Exercise: Below is a listing; repeat exactly the lines from the one containing "锂电池电解液的成分及酸碱性和其他一些特性的疑问。" to the one containing "Skip J. van", both included.

--- Entries provided ---

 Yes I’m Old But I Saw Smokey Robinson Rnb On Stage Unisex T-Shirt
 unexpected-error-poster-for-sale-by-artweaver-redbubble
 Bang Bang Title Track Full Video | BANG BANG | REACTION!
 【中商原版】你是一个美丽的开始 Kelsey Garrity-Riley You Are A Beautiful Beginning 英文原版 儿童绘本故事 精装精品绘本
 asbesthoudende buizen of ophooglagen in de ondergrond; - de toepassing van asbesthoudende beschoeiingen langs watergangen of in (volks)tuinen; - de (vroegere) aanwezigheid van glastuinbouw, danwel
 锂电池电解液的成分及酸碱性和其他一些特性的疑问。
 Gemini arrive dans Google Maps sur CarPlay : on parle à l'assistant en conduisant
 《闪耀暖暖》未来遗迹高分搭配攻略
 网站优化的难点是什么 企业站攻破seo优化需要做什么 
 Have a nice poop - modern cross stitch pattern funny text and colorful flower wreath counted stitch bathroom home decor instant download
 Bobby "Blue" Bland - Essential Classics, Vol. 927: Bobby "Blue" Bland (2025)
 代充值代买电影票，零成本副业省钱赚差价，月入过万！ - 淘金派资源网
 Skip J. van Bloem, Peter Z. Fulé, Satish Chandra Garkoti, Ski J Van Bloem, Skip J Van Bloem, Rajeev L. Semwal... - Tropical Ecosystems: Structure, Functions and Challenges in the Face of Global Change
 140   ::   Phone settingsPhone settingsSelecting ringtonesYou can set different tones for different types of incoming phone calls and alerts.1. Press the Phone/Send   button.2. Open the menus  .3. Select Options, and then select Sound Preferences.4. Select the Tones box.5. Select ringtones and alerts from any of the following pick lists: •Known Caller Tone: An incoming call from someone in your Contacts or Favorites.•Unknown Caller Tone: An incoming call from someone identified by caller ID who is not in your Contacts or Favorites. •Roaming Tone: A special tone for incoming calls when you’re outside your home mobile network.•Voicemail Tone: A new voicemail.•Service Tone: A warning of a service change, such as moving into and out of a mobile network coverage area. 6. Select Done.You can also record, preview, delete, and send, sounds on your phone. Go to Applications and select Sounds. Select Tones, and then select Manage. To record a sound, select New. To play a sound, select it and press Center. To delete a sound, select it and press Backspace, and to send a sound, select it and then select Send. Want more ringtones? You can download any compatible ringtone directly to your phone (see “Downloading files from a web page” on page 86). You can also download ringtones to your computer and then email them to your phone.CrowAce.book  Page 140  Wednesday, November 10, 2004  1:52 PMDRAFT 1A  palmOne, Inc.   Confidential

---

Output of the task:
 锂电池电解液的成分及酸碱性和其他一些特性的疑问。
 Gemini arrive dans Google Maps sur CarPlay : on parle à l'assistant en conduisant
 《闪耀暖暖》未来遗迹高分搭配攻略
 网站优化的难点是什么 企业站攻破seo优化需要做什么 
 Have a nice poop - modern cross stitch pattern funny text and colorful flower wreath counted stitch bathroom home decor instant download
 Bobby "Blue" Bland - Essential Classics, Vol. 927: Bobby "Blue" Bland (2025)
 代充值代买电影票，零成本副业省钱赚差价，月入过万！ - 淘金派资源网
 Skip J. van Bloem, Peter Z. Fulé, Satish Chandra Garkoti, Ski J Van Bloem, Skip J Van Bloem, Rajeev L. Semwal... - Tropical Ecosystems: Structure, Functions and Challenges in the Face of Global Change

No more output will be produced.